Tank Girl slots right in there. It often exhibits a wonderful, freewheeling quality, full of nonsense detours and fantasy. Rebecca breaks into a Cole Porter song; she and Jet Girl evade W&P minions by pretending to be photographers scouting men for a topless calendar; another scene features strippers that look like Austin Powers fembots energetically dancing to Bjork’s “Army of Me”. The film’s soundtrack, it should be said, is aggressively brilliant. Curated by Courtney Love, it plays like a greatest hits record of Nineties grunge and alternative – Veruca Salt, L7, Belly, Portishead and Scott Weiland all get a look in.

The film’s fashion is similarly inspired. There’s a touch of Luc Besson’s The Fifth Element (1997) in its fixation on oranges, silvers and wild silhouettes – even if Tank Girl has received little of that film’s sartorial acclaim. Designed by costumier Arianne Philips and – at least on a couple of pieces – a pre-fame Rick Owens, Petty’s outfits are a mix of hard leather and shiny velvets. She sports thick boots, tiny mini-skirts and jackets decorated in pins. Her hair is spectacularly silver-white, alternately shaved or at least hacked to pieces.

The Tank Girl of the comic books, as drawn by Jamie Hewlett (Dark Horse Comics)
The Tank Girl of the comic books, as drawn by Jamie Hewlett (Dark Horse Comics)

The only problem with any of this – and it was a fundamental one for Tank Girl’s original fanbase – is that it isn’t really Tank Girl.
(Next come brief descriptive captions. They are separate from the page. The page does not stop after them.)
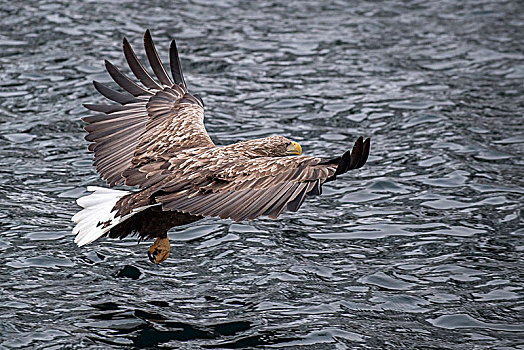白尾鹰,白尾海雕,飞,猎捕,上方,水,罗弗敦群岛,挪威,欧洲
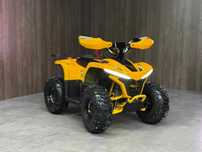 Квадроцикл Sharmax E-200 Cross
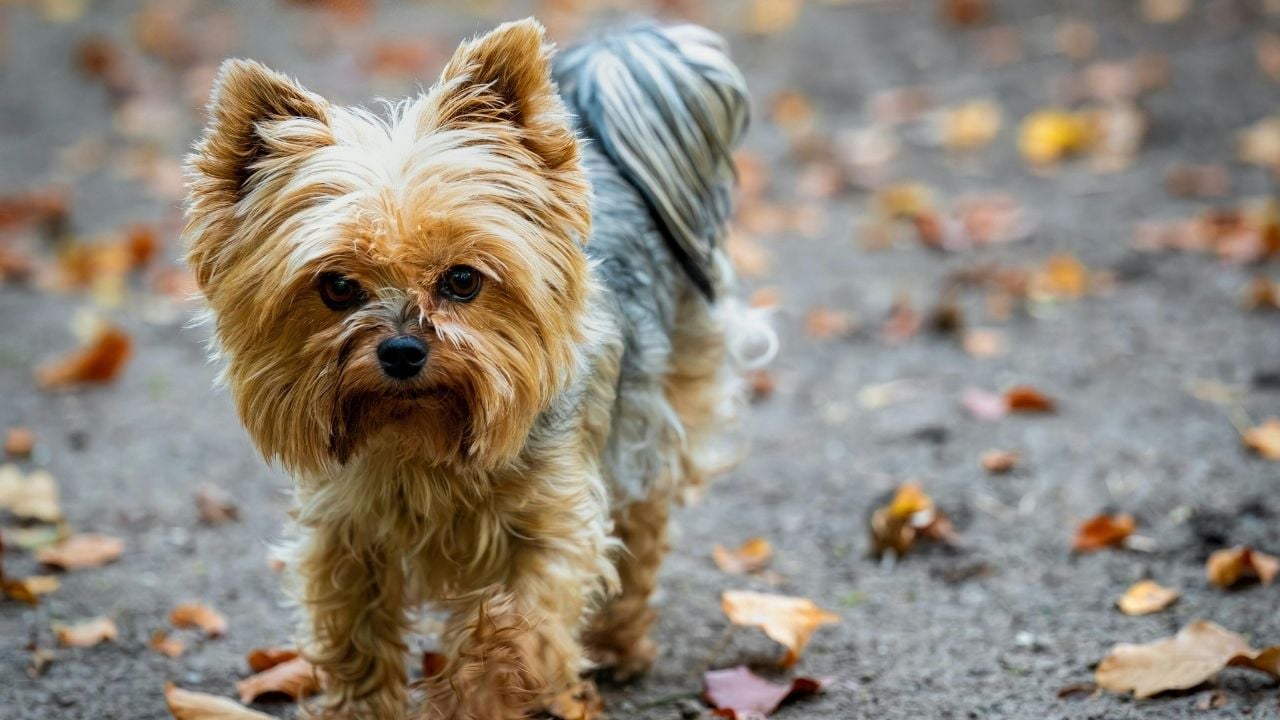 sevimli Avustralya Terrier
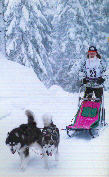 Phantom et Lady au BT de Mieussy 2005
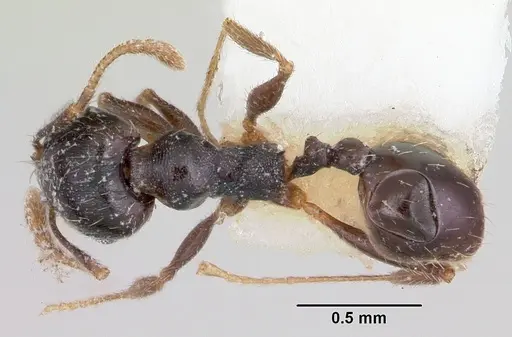 Pheidole pilifera - CASENT0104928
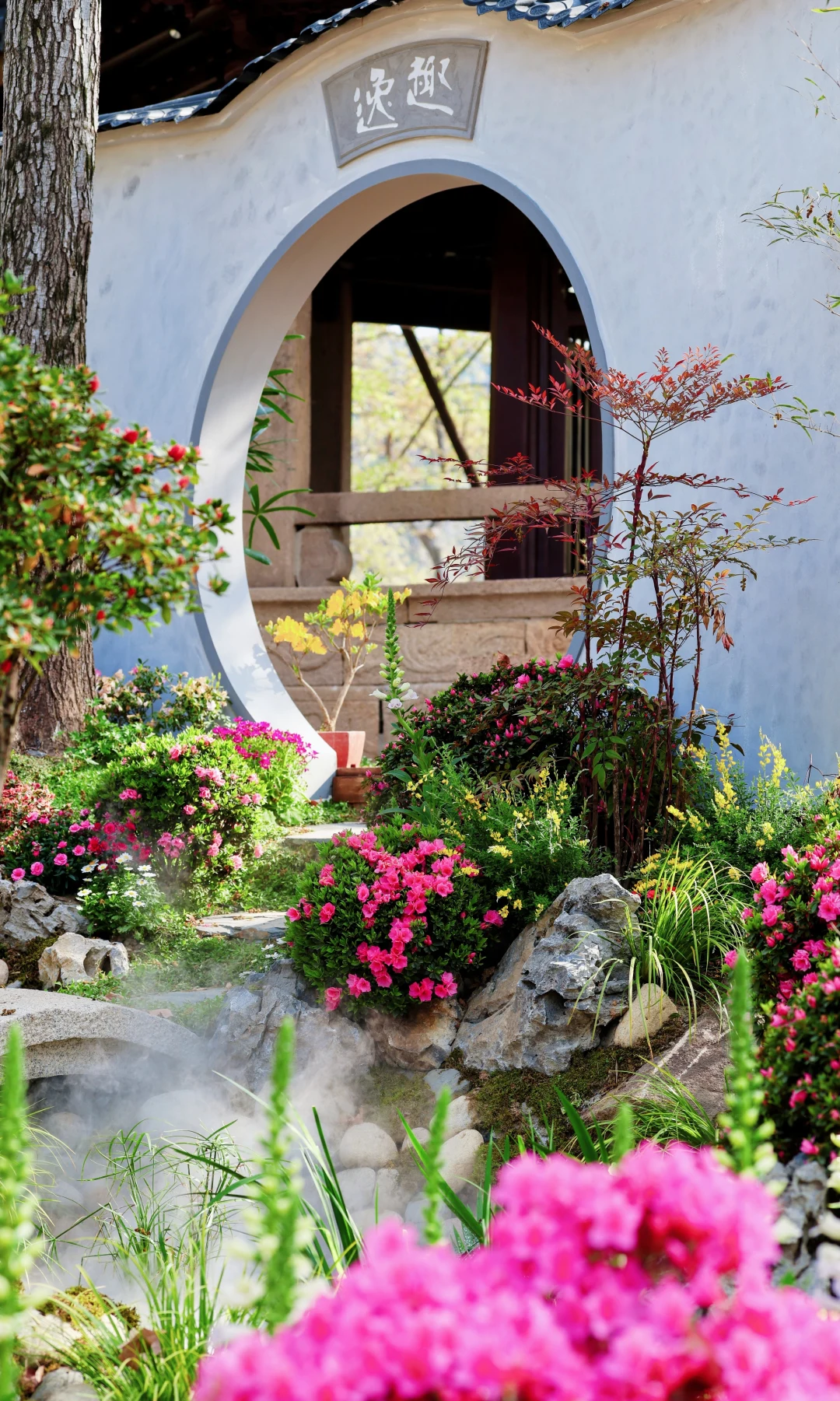 天平山杜鹃花海，闯入江南春日梦境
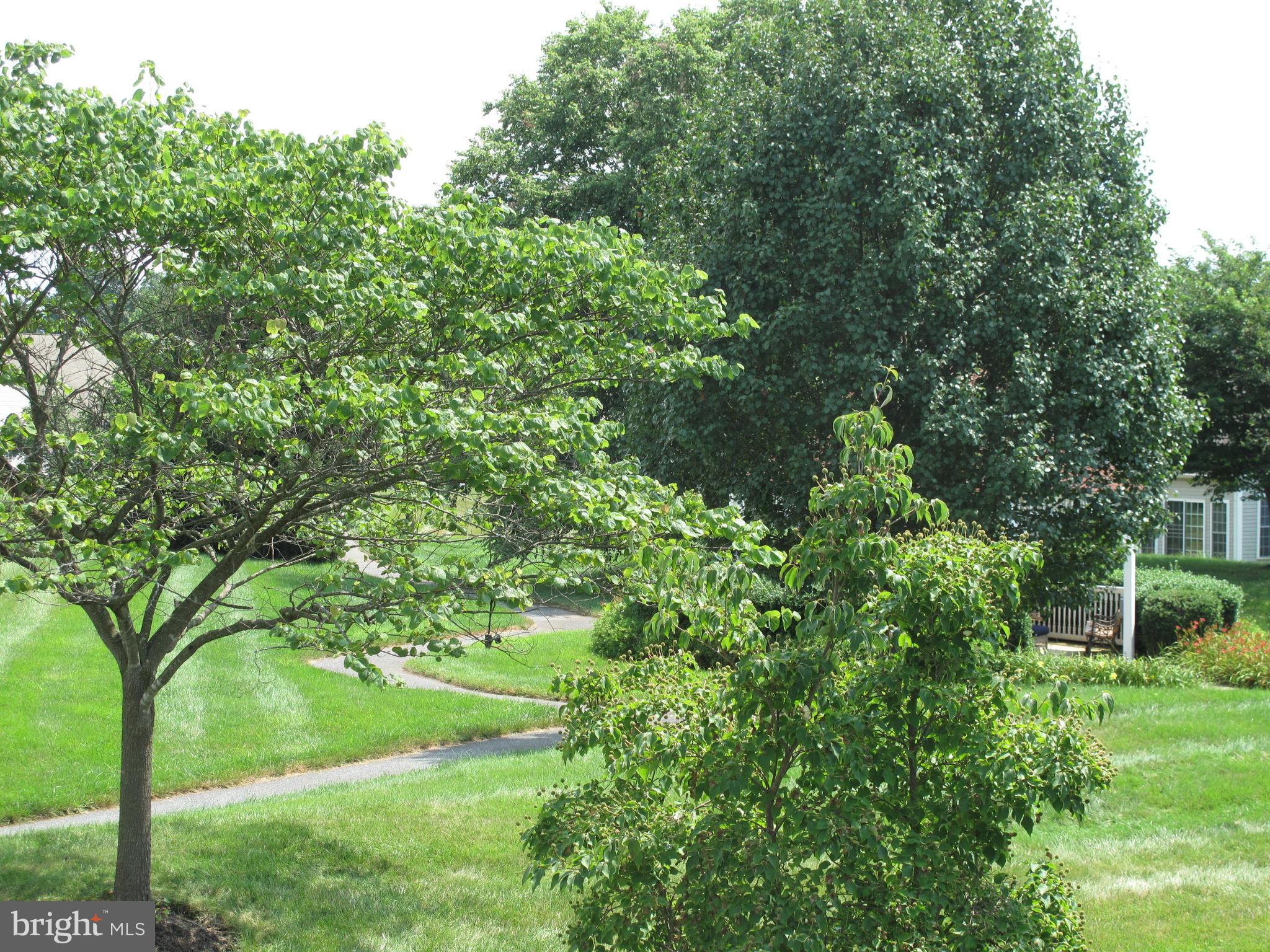 102 Butterfly Drive, Unit 55 Taneytown, MD 21787 - Photo 29 of 43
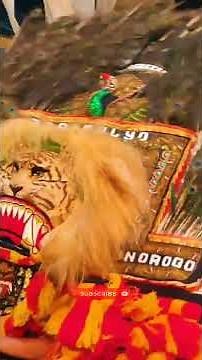 Solah Singo Barong Luwes dan Gagah Reyog Ponorogo Java Entertainment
Hewlett and Martin’s original stories, published in Deadline magazine and then later her own series, were shaped by Eighties punk culture. They burn with bratty, sex-positive antagonism, Tank Girl herself a lazy, potty-mouthed and perpetually inebriated outlaw. She drinks, tokes, burps and farts, loves sex, and a key element of her origin story involves the prime minister of Australia defecating his pants because she hadn’t delivered his personal colostomy bags in time. The stories themselves are often deliberately nonsensical, too, marked by their tendency to break the fourth wall and fly off on obscure tangents.

For this reason, Tank Girl found fans among punks, riot grrls, queer women and ravers. She became a comic figurehead for counterculture in the wake of Margaret Thatcher, as much a symbol of female rebellion as she was one of social upheaval and rejection of restrictive standards. It’s no wonder, in an age of MTV, Nirvana and Reality Bites, that Hollywood saw it as ripe for adaptation. It’s also no surprise that it wanted to pilfer its “edgy” aesthetics rather than any of its actual messaging.

Frustratingly, Talalay was caught in the crossfire. “When I made Tank Girl, I truly believed that I would break the glass ceiling,” she told Vice in 2017. “I just thought, ‘I believe in this comic. It’s so out there, it’s so outrageous, it’s so punk, it’s so me.’ I said, ‘This is my shot, and I’m going to go all out there, and you’re either going to love it or you’re going to hate it.’ I didn’t care if it averaged out as a five, because I wanted it to be a one or a 10.”

A filmmaker with an eye for the camp and surreal (John Waters served as a mentor and friend in her early career), Talalay has only just directed her first non-TV movie since Tank Girl. She’s also always said that the film’s problem areas stemmed from backers who had no idea what Tank Girl was. It explains why the resulting film, apparently taken out of her hands by the studio prior to release, sometimes seems unsure whether to fully give in to the theatrical and the absurd.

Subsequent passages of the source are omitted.